Há 83 anos, morria o militante anarquista Mário Castelhano, importante nome da resistência sindical portuguesa ao salazarismo
Igor Natusch
Um dos mais significativos nomes do anarquismo português durante os anos de ditadura, o sindicalista Mário Castelhano teve uma morte infame, nas masmorras do campo de concentração do Tarrafal, em Cabo Verde. Falecido em 12 de outubro de 1940, ele foi uma das cerca de quarenta vítimas oficiais das condições desumanas da carceragem, destinada aos opositores políticos do ditador António de Oliveira Salazar. A morte, porém, nada fez para apagar a história de uma importante figura nas lutas sindicais e políticas da primeira metade do século XX.
Nascido em Lisboa, em 1896, Castelhano começou a trabalhar aos 14 anos, como funcionário da Companhia Portuguesa dos Caminhos-de-Ferro. Seu envolvimento com o anarco-sindicalismo iniciou logo depois, ganhando força a partir de 1920 – quando, após participar da organização de uma greve, foi demitido e optou por assumir funções administrativas em entidades ligadas à Confederação Geral do Trabalho (CGT). Não demorou para que ocupasse cargos de maior destaque, em especial após o golpe de estado de 28 de maio de 1926 em Portugal. Nesse momento, tornou-se secretário-geral da CGT, além de chefe de redação do periódico A Batalha – uma forma de aproveitar experiências anteriores, quando dirigiu os jornais O Ferroviário e O Rápido, ligados à Federação Ferroviária.
Após a revolta de fevereiro de 1927, que tentou sem sucesso derrubar a ditadura militar que se consolidava, a perseguição ao sindicalismo português tornou-se mais dura e cruel, o que lançou a CGT na ilegalidade. Em outubro daquele ano, o sindicalista acabou preso e deportado para Angola, onde viveu durante dois anos. Mais tarde, foi para os Açores e para a Ilha da Madeira, onde participou, em abril de 1931, da revolta dos deportados contra o governo local. Após o fim da revolta, reprimida pelos militares, retornou clandestinamente a Portugal, onde reassumiu o secretariado do CGT, que seguia ativo na clandestinidade.
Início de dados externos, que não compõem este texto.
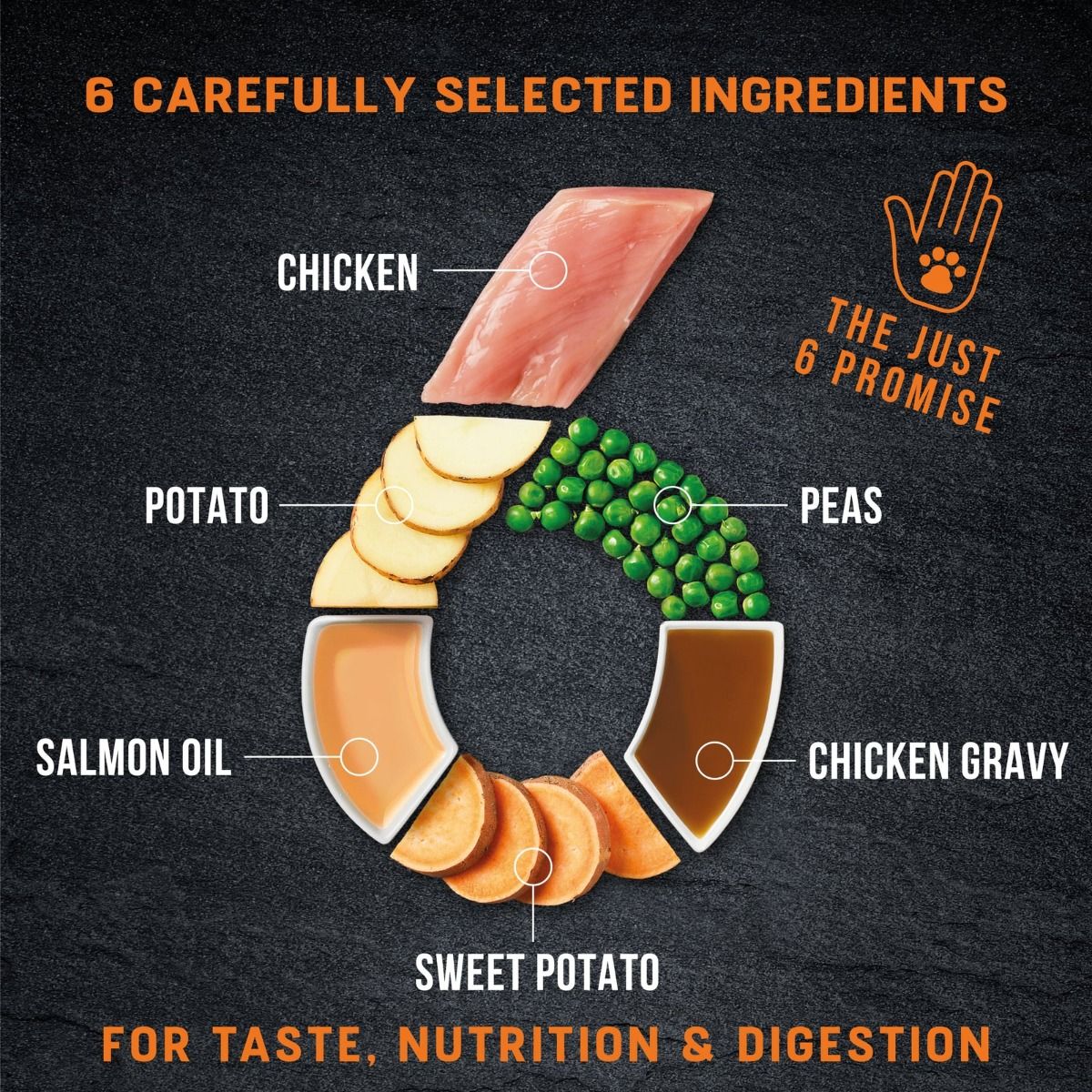 Harringtons Just 6 Chicken Grain Free Adult Wet Dog Food 380g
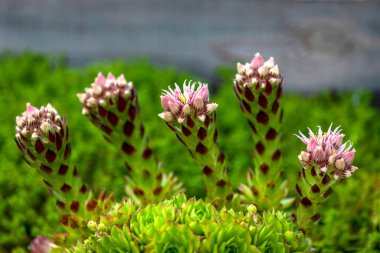 Sempervivum ya da evin makro görüntüsü çiçek açmak üzere olan sert ve sulu, seçici odak arkaplan fotokopi uzayının üstündeki bulanık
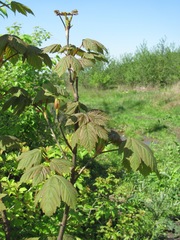 Acer pseudoplatanus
Ao lado da esposa, a professora e militante anarquista Lucinda Duarte, e da família, Castelhano chegou a viver escondido em um moinho, onde tinha sido instalada uma tipografia clandestina da CGT. Após a decisão do Estado Novo português de impor aos sindicatos o modelo vertical fascista, consolidada na Constituição de 1933, um grupo de anarquistas e comunistas organiza o movimento grevista e insurrecional de 18 de janeiro de 1934. Castelhano, um dos principais organizadores, acabou preso pelos salazaristas três dias antes do levante, sendo condenado pelo Tribunal Especial Militar a 16 anos de degredo.
Após um período na Fortaleza de S. João Baptista, em Angra do Heroísmo, acabou conduzido ao campo de concentração do Tarrafal, conhecido entre opositores de Salazar como “campo da morte lenta”, por motivos óbvios. Conta-se que, em setembro de 1940, Castelhano teve papel importante no enfrentamento de uma epidemia dentro da prisão, atuando de forma a garantir água potável e o mínimo de cuidado em meio às condições insalubres e diante do descaso da administração. Infelizmente, ele próprio ficou doente em seguida e, sofrendo de fortes dores no estômago, acabou morrendo dias depois.
Hoje, Mário Castelhano é visto como um dos heróis do anarquismo português. Seu livro “Quatro anos de deportação” foi editado pela primeira vez em 1975, e recebeu a condecoração póstuma de Grande-Oficial da Ordem da Liberdade, em junho de 1980.